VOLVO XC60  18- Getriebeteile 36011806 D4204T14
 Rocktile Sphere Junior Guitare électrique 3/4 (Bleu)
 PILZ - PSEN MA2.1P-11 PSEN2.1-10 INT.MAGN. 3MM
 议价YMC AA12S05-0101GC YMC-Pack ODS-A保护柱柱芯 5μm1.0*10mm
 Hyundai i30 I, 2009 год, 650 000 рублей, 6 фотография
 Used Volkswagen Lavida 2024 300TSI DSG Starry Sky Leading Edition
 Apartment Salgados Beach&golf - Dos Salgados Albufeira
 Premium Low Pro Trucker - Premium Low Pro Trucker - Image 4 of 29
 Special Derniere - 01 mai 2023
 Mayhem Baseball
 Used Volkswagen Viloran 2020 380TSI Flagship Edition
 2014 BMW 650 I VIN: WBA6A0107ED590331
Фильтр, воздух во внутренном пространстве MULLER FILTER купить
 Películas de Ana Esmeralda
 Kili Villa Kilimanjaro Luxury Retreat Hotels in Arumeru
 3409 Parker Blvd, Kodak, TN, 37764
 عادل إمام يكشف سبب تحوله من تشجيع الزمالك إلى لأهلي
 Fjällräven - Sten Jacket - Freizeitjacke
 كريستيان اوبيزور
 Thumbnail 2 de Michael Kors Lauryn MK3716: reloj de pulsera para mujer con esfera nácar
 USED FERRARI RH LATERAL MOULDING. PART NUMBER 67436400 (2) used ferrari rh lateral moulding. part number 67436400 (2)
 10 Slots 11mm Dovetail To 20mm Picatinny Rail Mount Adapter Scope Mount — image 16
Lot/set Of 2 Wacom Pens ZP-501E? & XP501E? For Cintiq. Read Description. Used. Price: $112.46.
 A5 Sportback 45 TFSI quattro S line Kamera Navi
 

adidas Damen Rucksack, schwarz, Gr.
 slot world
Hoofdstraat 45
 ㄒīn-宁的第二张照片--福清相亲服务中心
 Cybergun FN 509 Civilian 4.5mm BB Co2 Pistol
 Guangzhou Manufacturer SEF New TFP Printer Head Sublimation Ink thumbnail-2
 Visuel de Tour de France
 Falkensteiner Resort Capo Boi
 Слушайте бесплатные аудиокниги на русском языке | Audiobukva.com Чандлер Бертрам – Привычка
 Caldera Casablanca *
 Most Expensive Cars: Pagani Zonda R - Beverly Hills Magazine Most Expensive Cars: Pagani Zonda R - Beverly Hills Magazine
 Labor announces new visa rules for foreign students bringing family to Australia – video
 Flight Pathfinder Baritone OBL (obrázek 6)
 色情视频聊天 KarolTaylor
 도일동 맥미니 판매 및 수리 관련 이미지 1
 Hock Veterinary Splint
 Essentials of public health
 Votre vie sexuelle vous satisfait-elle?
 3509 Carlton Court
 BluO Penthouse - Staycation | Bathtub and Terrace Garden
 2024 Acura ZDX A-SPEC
== == ==
What you will do | Return only the lines between the one holding "2014 BMW 650 I VIN: WBA6A0107ED590331" and the one holding "Caldera Casablanca *", inclusive, exactly as they appear above.

Response area |
 2014 BMW 650 I VIN: WBA6A0107ED590331
Фильтр, воздух во внутренном пространстве MULLER FILTER купить
 Películas de Ana Esmeralda
 Kili Villa Kilimanjaro Luxury Retreat Hotels in Arumeru
 3409 Parker Blvd, Kodak, TN, 37764
 عادل إمام يكشف سبب تحوله من تشجيع الزمالك إلى لأهلي
 Fjällräven - Sten Jacket - Freizeitjacke
 كريستيان اوبيزور
 Thumbnail 2 de Michael Kors Lauryn MK3716: reloj de pulsera para mujer con esfera nácar
 USED FERRARI RH LATERAL MOULDING. PART NUMBER 67436400 (2) used ferrari rh lateral moulding. part number 67436400 (2)
 10 Slots 11mm Dovetail To 20mm Picatinny Rail Mount Adapter Scope Mount — image 16
Lot/set Of 2 Wacom Pens ZP-501E? & XP501E? For Cintiq. Read Description. Used. Price: $112.46.
 A5 Sportback 45 TFSI quattro S line Kamera Navi
 

adidas Damen Rucksack, schwarz, Gr.
 slot world
Hoofdstraat 45
 ㄒīn-宁的第二张照片--福清相亲服务中心
 Cybergun FN 509 Civilian 4.5mm BB Co2 Pistol
 Guangzhou Manufacturer SEF New TFP Printer Head Sublimation Ink thumbnail-2
 Visuel de Tour de France
 Falkensteiner Resort Capo Boi
 Слушайте бесплатные аудиокниги на русском языке | Audiobukva.com Чандлер Бертрам – Привычка
 Caldera Casablanca *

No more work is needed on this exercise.